As we can see, the left-hand side measures the deviation between two quantities:

  • |E(S, T)|: the number of edges between the two subsets S and T.
  • |S|\cdot |T|\cdot d/n: the expected number of edges between two subsets S and T, drawn from an Erdos–Renyi random graph G(n, d/n).

The Expander-Mixing lemma tell us a small \lambda(G) (a.k.a. large spectral gap) implies that this discrepancy is small, leading to the fact that the graph is nearly random in this sense, as discussed in [1]. We should mention that the converse of expander-mixing is true as well, stated as follows.

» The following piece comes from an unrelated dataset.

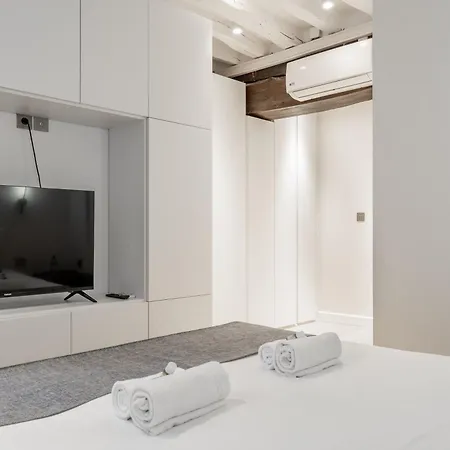 Lavie Maison : A C & Spacious & Center Of *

Lemma 11(Expander-Mixing Lemma Converse [4]): Let G = (V, E) be a d-regular graph with n vertices and eigenvalues \lambda_1 \geq \dots \geq \lambda_n satisfying:

\Bigg| |E(S, T)| - \frac{d|S|\cdot |T|}{n}\Bigg| \leq \rho \sqrt{|S|\cdot |T|}.

for any two disjoint subsets S,T\subset V and some positive \rho. Then \lambda(G) \leq O(\rho \cdot(1 + \log(d/\rho))).

Proof of Expander-Mixing Lemma: Recall that the adjacency matrix A has eigenvalues \lambda_1 \geq \dots \geq \lambda_n with corresponding orthonormal eigenvectors v_1, \dots, v_n. Let 1_S and 1_T be the characteristic vectors of subsets S and T(a.k.a., the v-th coordinate of 1_S is 1 if v\in S and 0 otherwise). We then decompose 1_S and 1_T in the orthonormal basis of eigenvectors v_1, \dots, v_n as

1_S = \sum\limits_{i=1}^n \alpha_i v_i, \quad 1_S = \sum\limits_{j=1}^n\beta_j v_j.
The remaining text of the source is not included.